Your Best Life Now:  7 Steps To Living At Your Full Potential

by Joel Osteen

Warner Faith:  2004   Pp. 310  

                                                Reviewed by Dr. Susan K. Hedahl

 

This review is written in honor of my students who honor a theology of the Cross.

Today the act of preaching involves many choices in terms of topics and ways to frame them theologically, biblically and confessionally.  This book is an example of the materials spawned in the arena of positive religious thinking, which is a bizarre cross between public speech and preaching.  This work is typical of its genre, a perfect Home on the Range book; where "Not a discouraging word is heard."

The book is a "How to get God to give you good things" work.:  "Enlarge your vision; Develop a healthy self-image; Discover the power of your thoughts and words; Let go of the past; Find strength through adversity; Live to give; and Choose to be happy." (x)

Certainly this is a laudable agenda for any human being.  The agenda, however, is not connected with an understanding God which orthodox Christianity recognizes.
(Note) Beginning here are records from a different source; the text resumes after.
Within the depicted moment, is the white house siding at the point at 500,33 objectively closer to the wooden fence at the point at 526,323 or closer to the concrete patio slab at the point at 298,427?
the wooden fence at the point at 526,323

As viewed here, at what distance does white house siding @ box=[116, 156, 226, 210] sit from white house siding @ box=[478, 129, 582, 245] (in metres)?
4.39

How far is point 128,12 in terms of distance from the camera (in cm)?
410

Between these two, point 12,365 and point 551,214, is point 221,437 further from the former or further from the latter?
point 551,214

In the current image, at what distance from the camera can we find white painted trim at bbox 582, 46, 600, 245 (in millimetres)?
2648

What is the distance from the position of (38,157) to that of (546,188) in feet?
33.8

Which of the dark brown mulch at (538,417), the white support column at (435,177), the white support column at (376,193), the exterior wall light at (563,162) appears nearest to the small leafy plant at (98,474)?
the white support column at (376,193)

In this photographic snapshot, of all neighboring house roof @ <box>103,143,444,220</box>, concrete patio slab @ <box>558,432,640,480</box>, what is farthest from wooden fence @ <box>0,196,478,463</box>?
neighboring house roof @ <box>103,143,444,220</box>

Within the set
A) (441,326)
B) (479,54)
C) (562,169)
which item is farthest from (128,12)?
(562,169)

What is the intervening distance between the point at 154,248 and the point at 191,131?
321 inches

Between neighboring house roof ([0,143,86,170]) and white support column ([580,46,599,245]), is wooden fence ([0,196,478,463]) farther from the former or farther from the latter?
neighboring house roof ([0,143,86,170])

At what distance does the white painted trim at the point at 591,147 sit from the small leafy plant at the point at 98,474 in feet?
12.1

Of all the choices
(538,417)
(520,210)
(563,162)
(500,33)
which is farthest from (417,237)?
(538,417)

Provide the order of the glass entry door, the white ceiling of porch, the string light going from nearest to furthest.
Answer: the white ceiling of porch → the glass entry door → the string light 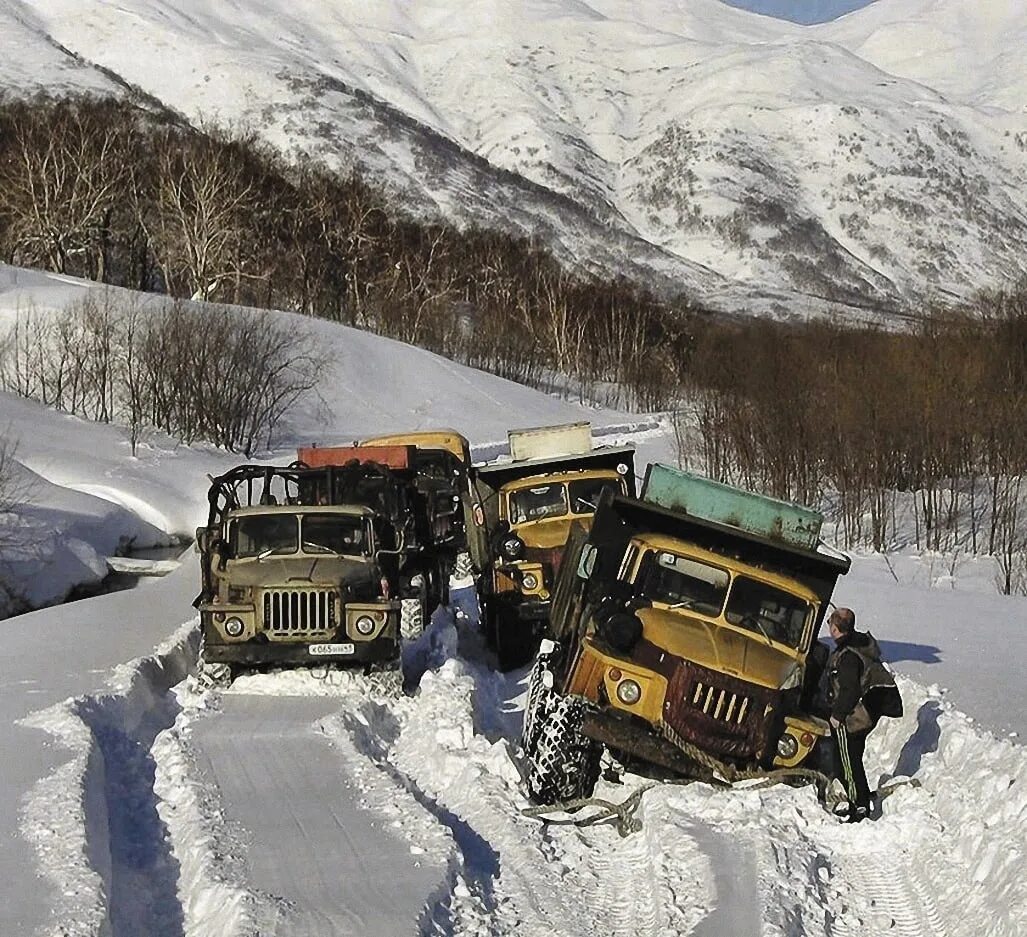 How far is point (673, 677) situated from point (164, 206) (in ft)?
213

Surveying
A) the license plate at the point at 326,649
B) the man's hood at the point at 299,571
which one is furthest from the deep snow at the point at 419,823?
the man's hood at the point at 299,571

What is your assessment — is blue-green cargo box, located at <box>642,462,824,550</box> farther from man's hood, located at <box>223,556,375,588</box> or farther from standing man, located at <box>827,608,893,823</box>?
man's hood, located at <box>223,556,375,588</box>

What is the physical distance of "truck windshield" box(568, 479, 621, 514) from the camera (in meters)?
16.1

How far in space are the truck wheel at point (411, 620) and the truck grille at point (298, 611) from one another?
1905 millimetres

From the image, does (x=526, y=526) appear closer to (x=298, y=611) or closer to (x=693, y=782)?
(x=298, y=611)

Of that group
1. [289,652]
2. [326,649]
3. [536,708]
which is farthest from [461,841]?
[289,652]

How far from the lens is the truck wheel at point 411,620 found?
600 inches

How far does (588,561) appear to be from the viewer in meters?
11.5

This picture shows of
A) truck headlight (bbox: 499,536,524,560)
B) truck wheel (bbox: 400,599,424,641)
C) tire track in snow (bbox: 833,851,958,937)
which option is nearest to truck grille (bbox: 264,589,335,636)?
truck wheel (bbox: 400,599,424,641)

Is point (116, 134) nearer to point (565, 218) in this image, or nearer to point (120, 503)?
point (120, 503)

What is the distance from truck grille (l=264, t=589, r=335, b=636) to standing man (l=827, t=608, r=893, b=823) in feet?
17.2

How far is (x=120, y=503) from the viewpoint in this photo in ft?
120

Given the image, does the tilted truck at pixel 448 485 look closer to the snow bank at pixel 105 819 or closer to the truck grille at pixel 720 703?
the snow bank at pixel 105 819

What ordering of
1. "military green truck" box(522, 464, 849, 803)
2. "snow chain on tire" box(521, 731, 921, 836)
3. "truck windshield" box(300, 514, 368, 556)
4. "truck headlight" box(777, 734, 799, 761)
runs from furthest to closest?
1. "truck windshield" box(300, 514, 368, 556)
2. "truck headlight" box(777, 734, 799, 761)
3. "military green truck" box(522, 464, 849, 803)
4. "snow chain on tire" box(521, 731, 921, 836)
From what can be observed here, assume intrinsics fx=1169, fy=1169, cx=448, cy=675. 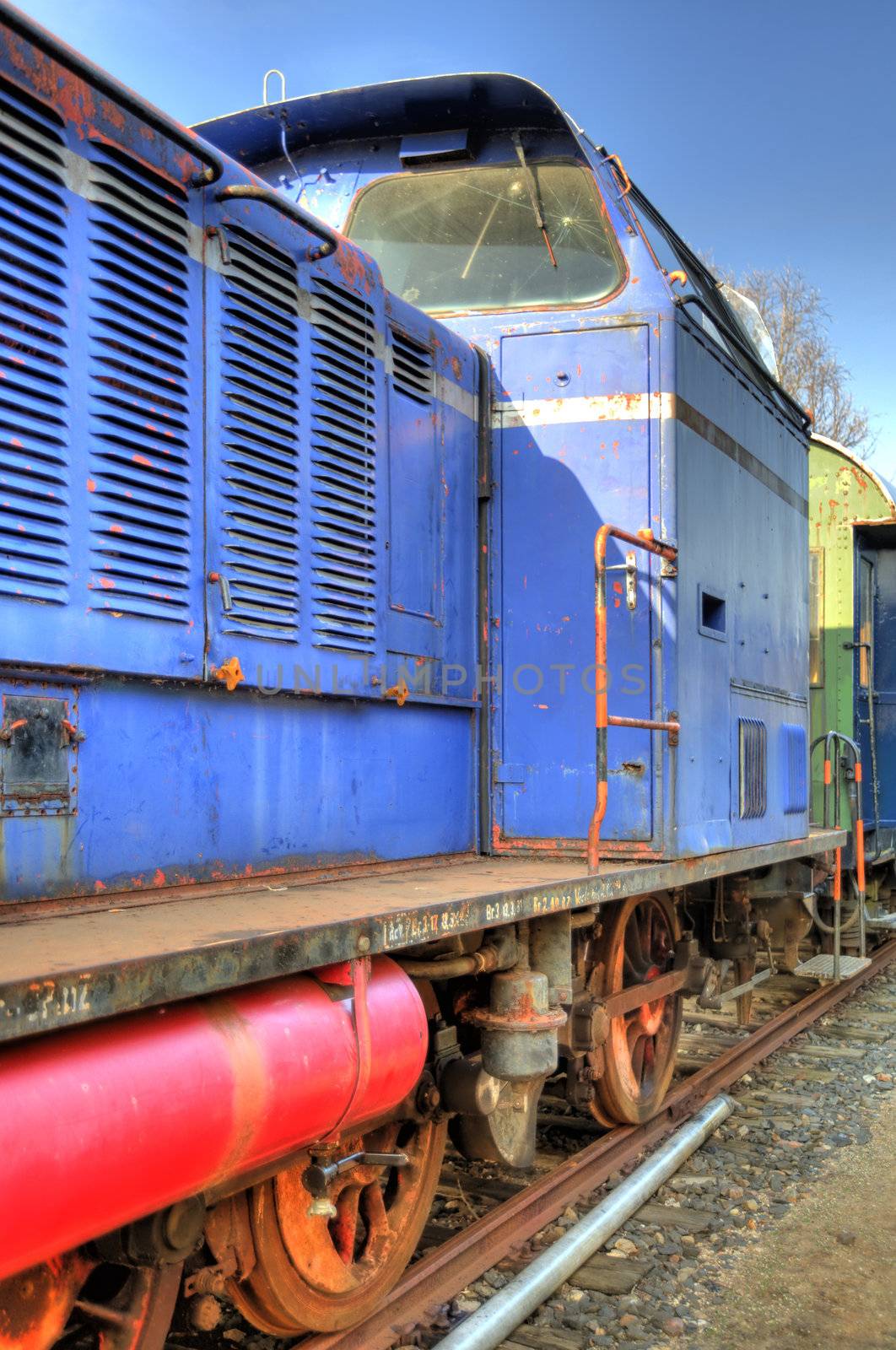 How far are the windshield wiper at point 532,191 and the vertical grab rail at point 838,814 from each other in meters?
3.36

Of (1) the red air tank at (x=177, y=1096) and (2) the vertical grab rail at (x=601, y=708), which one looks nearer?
(1) the red air tank at (x=177, y=1096)

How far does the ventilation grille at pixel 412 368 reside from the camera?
3678 mm

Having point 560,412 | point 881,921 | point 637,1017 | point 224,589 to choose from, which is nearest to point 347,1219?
point 224,589

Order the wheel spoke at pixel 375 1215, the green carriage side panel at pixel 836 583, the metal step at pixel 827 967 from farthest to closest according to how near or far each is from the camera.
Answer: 1. the green carriage side panel at pixel 836 583
2. the metal step at pixel 827 967
3. the wheel spoke at pixel 375 1215

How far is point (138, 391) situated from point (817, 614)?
23.7 ft

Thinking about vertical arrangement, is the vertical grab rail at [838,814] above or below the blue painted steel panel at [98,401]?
below

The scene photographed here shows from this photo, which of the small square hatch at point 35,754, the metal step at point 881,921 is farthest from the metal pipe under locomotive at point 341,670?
the metal step at point 881,921

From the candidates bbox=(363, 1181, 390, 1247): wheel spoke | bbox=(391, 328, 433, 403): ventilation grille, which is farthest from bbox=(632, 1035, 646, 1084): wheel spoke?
bbox=(391, 328, 433, 403): ventilation grille

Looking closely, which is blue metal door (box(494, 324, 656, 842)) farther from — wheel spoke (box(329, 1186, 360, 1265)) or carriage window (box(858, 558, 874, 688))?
carriage window (box(858, 558, 874, 688))

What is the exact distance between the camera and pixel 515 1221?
3.66 metres

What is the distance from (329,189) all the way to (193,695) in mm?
2523

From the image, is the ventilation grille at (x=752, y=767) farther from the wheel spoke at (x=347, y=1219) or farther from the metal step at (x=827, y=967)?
the wheel spoke at (x=347, y=1219)

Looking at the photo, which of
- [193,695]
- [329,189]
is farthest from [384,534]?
[329,189]

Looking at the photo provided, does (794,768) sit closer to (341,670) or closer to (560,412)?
(560,412) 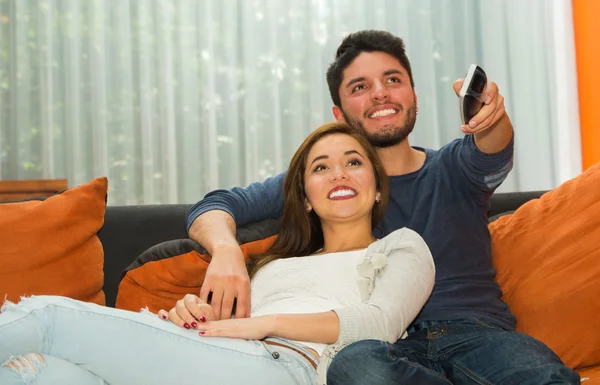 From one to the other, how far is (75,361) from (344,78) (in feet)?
3.94

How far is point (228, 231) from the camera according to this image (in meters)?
1.69

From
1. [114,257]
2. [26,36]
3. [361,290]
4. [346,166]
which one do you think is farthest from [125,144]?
[361,290]

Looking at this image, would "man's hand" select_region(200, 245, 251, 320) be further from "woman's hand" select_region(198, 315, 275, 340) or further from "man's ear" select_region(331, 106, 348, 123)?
"man's ear" select_region(331, 106, 348, 123)

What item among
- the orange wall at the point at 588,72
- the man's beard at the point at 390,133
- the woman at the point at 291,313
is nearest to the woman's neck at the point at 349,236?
the woman at the point at 291,313

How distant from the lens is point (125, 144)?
3.49 m

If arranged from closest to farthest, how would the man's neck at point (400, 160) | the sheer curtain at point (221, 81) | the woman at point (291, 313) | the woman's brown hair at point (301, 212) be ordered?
1. the woman at point (291, 313)
2. the woman's brown hair at point (301, 212)
3. the man's neck at point (400, 160)
4. the sheer curtain at point (221, 81)

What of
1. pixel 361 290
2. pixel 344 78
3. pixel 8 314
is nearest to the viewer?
pixel 8 314

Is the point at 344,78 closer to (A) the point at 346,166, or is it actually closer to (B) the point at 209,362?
(A) the point at 346,166

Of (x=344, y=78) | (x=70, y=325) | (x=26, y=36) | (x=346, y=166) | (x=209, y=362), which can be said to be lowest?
(x=209, y=362)

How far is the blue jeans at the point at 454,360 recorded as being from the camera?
1.24 metres

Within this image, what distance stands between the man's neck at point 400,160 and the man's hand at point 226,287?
564 millimetres

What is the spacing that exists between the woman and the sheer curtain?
68.2 inches

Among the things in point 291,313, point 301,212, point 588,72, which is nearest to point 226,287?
point 291,313

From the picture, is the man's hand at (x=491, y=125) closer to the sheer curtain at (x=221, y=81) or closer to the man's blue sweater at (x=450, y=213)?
the man's blue sweater at (x=450, y=213) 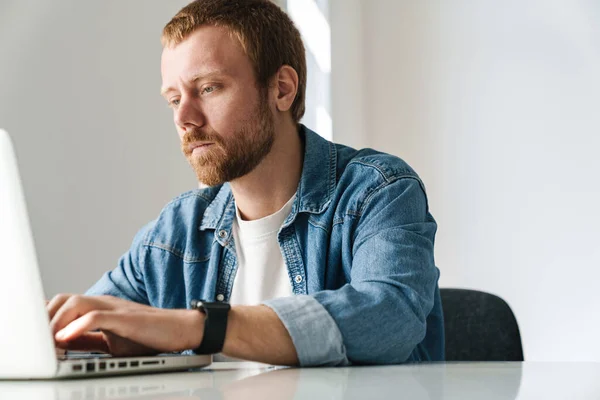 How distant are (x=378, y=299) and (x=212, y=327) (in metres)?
0.26

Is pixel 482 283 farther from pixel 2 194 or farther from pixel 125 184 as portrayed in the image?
pixel 2 194

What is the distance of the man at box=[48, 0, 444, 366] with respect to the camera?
48.9 inches

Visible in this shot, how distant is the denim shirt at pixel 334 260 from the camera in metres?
1.09

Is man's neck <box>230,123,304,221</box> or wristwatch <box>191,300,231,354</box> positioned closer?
wristwatch <box>191,300,231,354</box>

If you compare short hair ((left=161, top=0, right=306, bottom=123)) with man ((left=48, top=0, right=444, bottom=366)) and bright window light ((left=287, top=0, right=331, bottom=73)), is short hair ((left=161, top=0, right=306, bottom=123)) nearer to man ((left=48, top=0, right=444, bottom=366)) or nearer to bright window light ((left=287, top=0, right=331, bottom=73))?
man ((left=48, top=0, right=444, bottom=366))

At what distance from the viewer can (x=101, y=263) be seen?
2285mm

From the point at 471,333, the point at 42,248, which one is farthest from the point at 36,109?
the point at 471,333

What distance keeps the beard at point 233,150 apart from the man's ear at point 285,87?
0.05 m

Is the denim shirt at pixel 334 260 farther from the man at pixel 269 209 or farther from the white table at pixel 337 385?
the white table at pixel 337 385

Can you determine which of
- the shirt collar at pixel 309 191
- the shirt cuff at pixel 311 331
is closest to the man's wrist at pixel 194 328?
the shirt cuff at pixel 311 331

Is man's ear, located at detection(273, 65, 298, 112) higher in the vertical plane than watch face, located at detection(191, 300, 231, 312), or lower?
higher

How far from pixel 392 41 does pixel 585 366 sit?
3208 mm

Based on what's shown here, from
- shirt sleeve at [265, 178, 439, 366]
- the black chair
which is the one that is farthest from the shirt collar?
the black chair

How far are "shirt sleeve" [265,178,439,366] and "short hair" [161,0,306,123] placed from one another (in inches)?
17.4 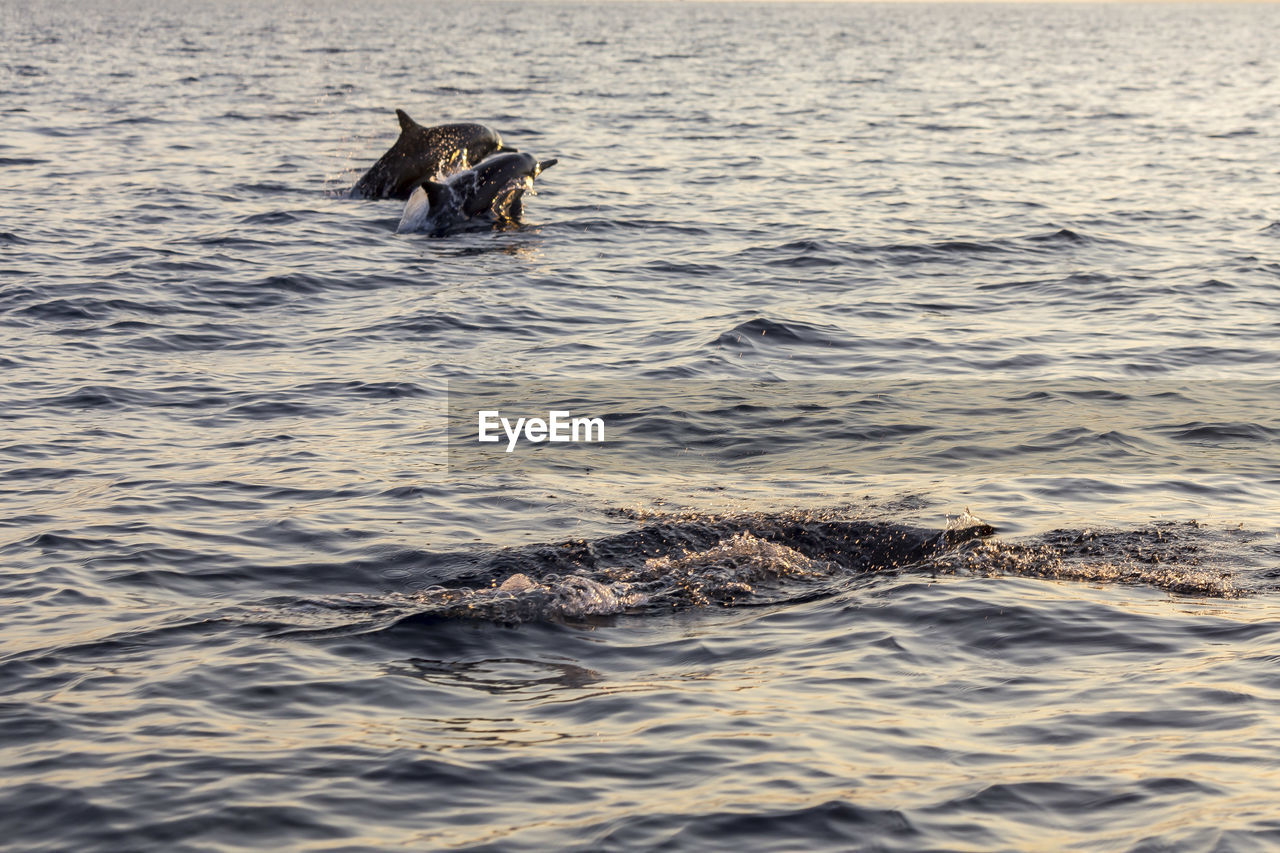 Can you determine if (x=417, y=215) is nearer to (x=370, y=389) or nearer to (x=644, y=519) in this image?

Osteen's version of God is one who grants favor for the specially blest, particularly those who will take charge, buck up, and make changes.  The God of this book (resolutely He throughout) is not Trinitarian in nature and the references to Jesus Christ are rare indeed.   The Holy Spirit does not figure in this book.   When the Bible is quoted it is usually paraphrased, drawn from Old Testament wisdom literature or used to proof text the God-will-give-me-anything mentality that marks the contents.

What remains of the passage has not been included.